Here is the acid test – our customers often know that there is a service problem before we do. When that happens, as far as our customers are concerned, we suck, we are incompetent and they are smarter than us. Our IT Operations team may be publishing loads of great Key Performance Indicators (KPIs) that show improvements in average fix times, improvements in system availability, reductions in incidents etc. but all of that is without value if our customers think we suck.
So why do customers get the jump on our IT Operations Centre? Actually it is quite simple, our customers experience the full end to end service as users of our systems, our IT Operations people only experience a partial picture, the components of the service as they use the instrumentation that checks each is available and functional. Our customers and IT Operations have different views of the world, and the customer view is more powerful, more meaningful and more immediate. Modern distributed systems are so complex that it is impossible for IT Operations to understand the impact of a component failure on the end-to-end service.
Customers think about services, not just bits of technology, they see things end-to-end, not in isolation and even if all of the key components are available and functional, sometimes the end-to-end service just does not work. I am sure we all have an experience of calling a helpdesk analyst and being told that it is all working for everyone else and they can’t see your problem? The supplier has probably spent millions on instrumentation the service you are complaining about, you have spent nothing and your instrumentation is better! Yours is better because yours is the Customer Experience View.
I wrote about some of the history and reasons that we monitor and manage IT in technical silos earlier in the article on this Website:- Why do IT Operations suck? It’s worth a read again.
So how do we get to a Customer Experience View? Actually it is not that difficult, it just takes a little extra effort. The first stage is to map out the end-to-end service (I call this process Tube Mapping after London’s Underground Train Network) that we are offering our customer.
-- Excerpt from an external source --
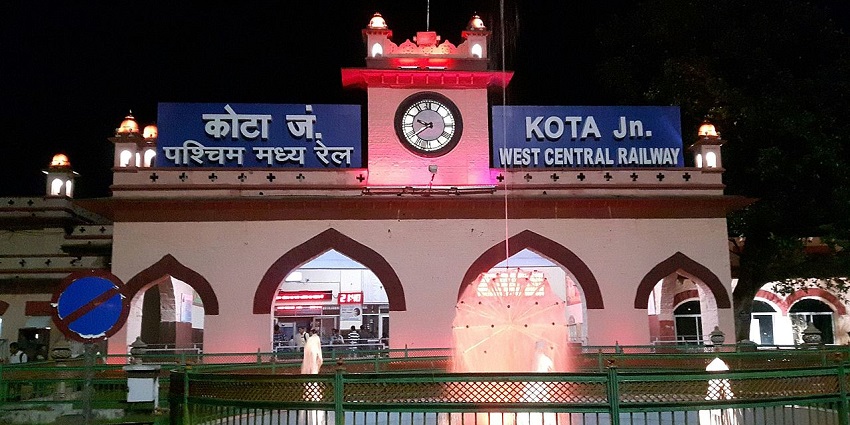 Kota railway station is the nearest to reach the Bhainsrorgarh Fort by train.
The diagram below shows an example for a Broadband Consumer service, showing Cycle Time and Right First Time metrics.
Tube Maps are built in workshops between IT and the Business Units and they crystalize the dependancies between IT systems and applications and their supporting business processes. It is quite common in companies that no one individual understands the whole end-to-end service and that, although the service is documented, there is no one place that it all comes together. Tube Mapping can be very enlightening and in themselves Tube Maps are valuable in driving a clear understanding of what we are delivering to our customers.
The next stage is to start building end-to-end instrumentation for Customer Experience Monitoring. There are three types that we can use:
- Realtime Active Dashboards
- Synthetic Transactions
- Built in End-to End Application instrumentation
The first, Realtime Active Dashboards can be fabricated using tools from IBM’s purchase of Netcool. This toolset enables a federated approach to Customer Experience Monitoring by enabling a set of federated alerts and instrumentation to be combined into a single end-to-end view of the service offered to customers. A set of RAG (Red, Amber, Green) indicators show the impact of a failure at a low level in the service hierarchy on the customer impacting service component. For example a failed Websphere server could cause the service view to be Red if there was no built in resilience (thereby causing a service outage) or Amber if it was part of a protected cluster thereby compromising service protection but not impacting the customer experience.
These Service Hierarchies are built from the Tube Maps so actually translate into meaningful description of the business impact. For example a hardware failure might impact the sell service impacting the call centers because they can no longer take orders. By taking this approach the Command Center begins to understand the impact of outages on the business and our customers thereby being more responsive and better able to determine the most important components to recover.
Actually these Customer Experience Views are incredibly useful and can be shared with customers. Helpdesk call volumes tumble when the customer can see that there is a problem, what the impact of the problem is and that you know about it already. Tables are turned, we tell the customer about the problem, we are competent.
The second, synthetic transactions are a borrowed idea from end-to-end systems testing. Here we take the test harness that is applied to our applications prior to deployment into production and use them constantly to provide in-life testing. Synthetic transactions offer a unique view of the end-to-end service being as close as it is possible to be to the real Customer Experience that we need to achieve. HP have a set of tools called Business Availability Center that work well in this space. The objective is to create software robots that create pseudo transactions and monitor the progress of the transactions through the end-to-end service. Slow performance can be detected and highlighted in the same way as a complete failure. Synthetic transactions are highly flexible with a rich set of instrumentation output.
Here is what HP say about the product set:
HP Business Availability Center helps your organization:
- Make ITSM incident and problem management processes more efficient and business aligned
- Measure business impact and risk from the end-user perspective
- Manage business and operational service levels proactively
- Accelerate problem isolation by automating standard operational processes
- Manage complex business transactions across heterogeneous environments
- Manage the complexity of composite applications and SOA
We focus on service by organizing around key services and mapping those services using instrumentation working along the tube maps. We delight customers by caring about the same thing they do Service Protection and Service Recovery. Service Recovery works better because initial triage, where we work out where to focus our attentions, is enabled by understanding which issues are actually impacting customer experience.